Nakhchivan Literature Museum named after Jalil Mammadguluzadeh
- Established: June 12, 1967; 59 years ago
- Location: Nizami Street, 19, Nakhchivan, Nakhchivan Autonomous Republic, Azerbaijan
- Coordinates: 38°56′N 45°50′E﻿ / ﻿38.933°N 45.833°E
- Type: Literature
- Collection size: 18674
- Director: Alemzar Ibrahimova

= Nakhchivan Literature Museum =

Museum and research center in Azerbaijan

The Nakhchivan Literature Museum (Naxçıvan Ədəbiyyat Muzeyi) is a museum, research center and educational institution in Nakhchivan, Azerbaijan. The Nakhchivan Literature Museum is named after the Azerbaijani journalist, educator and satiric writer Jalil Mammadguluzadeh.

==History==
Nakhchivan Literature Museum named after Jalil Mammadguluzadeh was opened in Nakhchivan on June 12, 1967 with the decision of the government of Azerbaijan SSR adopted in 1965. At the time of opening, the museum had only 98 exhibits, but there are more than 19,000 exhibits at the moment. The new two-storey building of the museum was put into use in 2008 which has 3 main halls displaying the exposition on Azerbaijani literature in chronological sequence.
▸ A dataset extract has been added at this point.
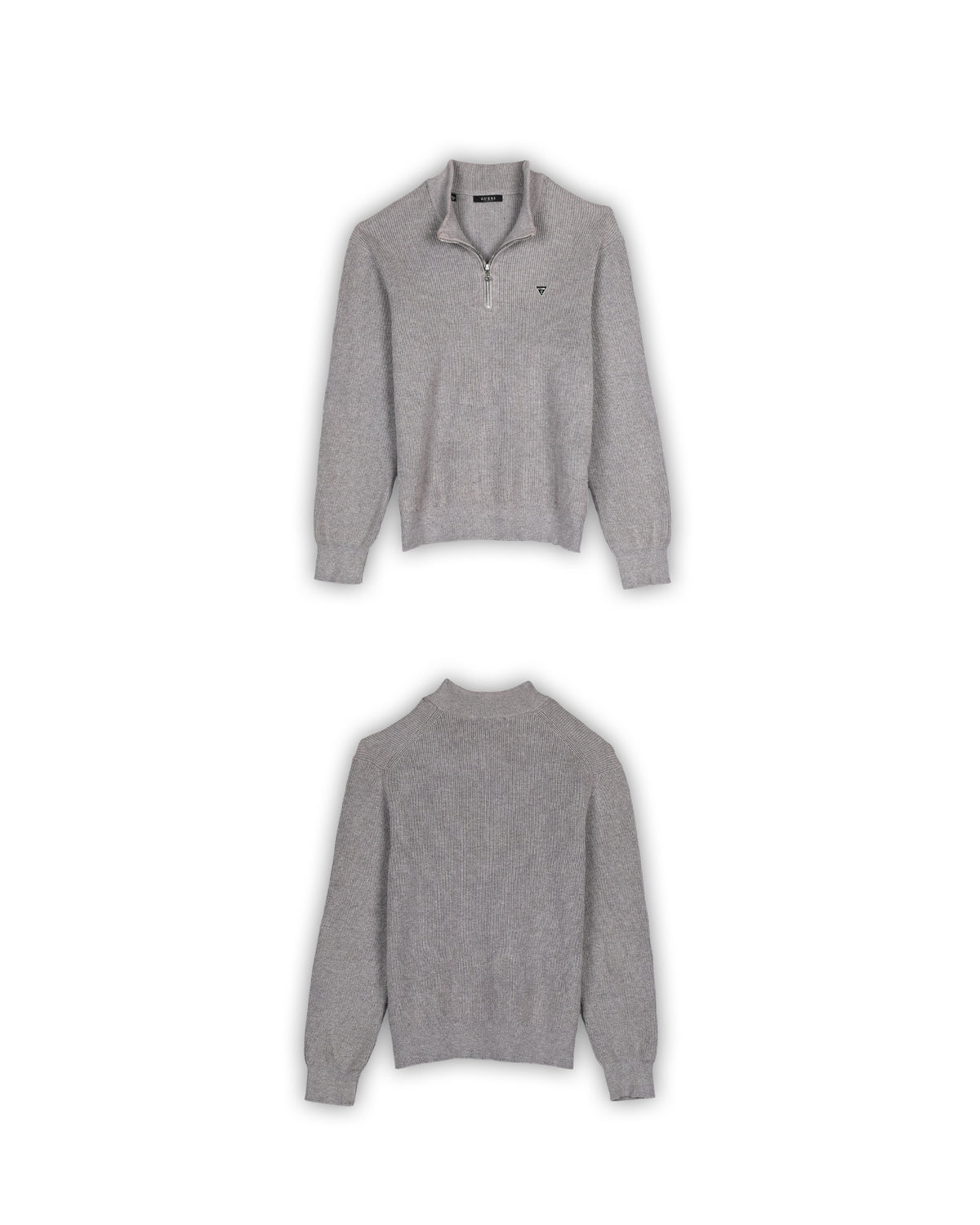 GUESS QUARTER-ZIP KNIT - S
The collection of the museum includes valuable manuscripts, applied and fine art samples, ancient and contemporary books (including autographs), newspapers and magazines, items reflecting the history of Azerbaijan literature and other museum materials. The exposition is of great interest to well-known representatives of classical and modern Azerbaijan literature, poets, writers and literary scholars of Nakhchivan such as Jalil Mammadguluzadeh, Huseyn Javid, Aziz Sharif, Mammadjafar Jafarov, Abbas Zamanov, Latif Huseynzade, Isa Habibbayli, Mammad Araz and Islam Safarli. There are works of Azerbaijani brush masters and sculptors in the exposition and fund, documents about the history of Nakhchivan theater: posters, programs, sketches of representations, photographs reflecting the works of famous masters of the theater.

==Jalilkend branch==
The museum located in Jalilkend village of Sharur, Nakhchivan where Jalil Mammadguluzade used to work as a teacher was established in 1987. The branch has been operating as a separate museum since 2013 based on the decision dated 15.02.2013 of Cabinet of Ministers of Nakhchivan Autonomous Republic. It was moved into the new building in 2015. The new building consists of an entry, an exhibition hall, fond room and 2 work rooms. There are 449 showpieces in the fond of the museum of which 274 are displayed in the main hall. The explosion includes the objects used by the writer, his works, documents, photographs and various issues of “Molla Nasraddin” periodical of which Jalil Mammadguluzade was the chief-editor, as well as books of different authors about Jalil Mammadguluzade.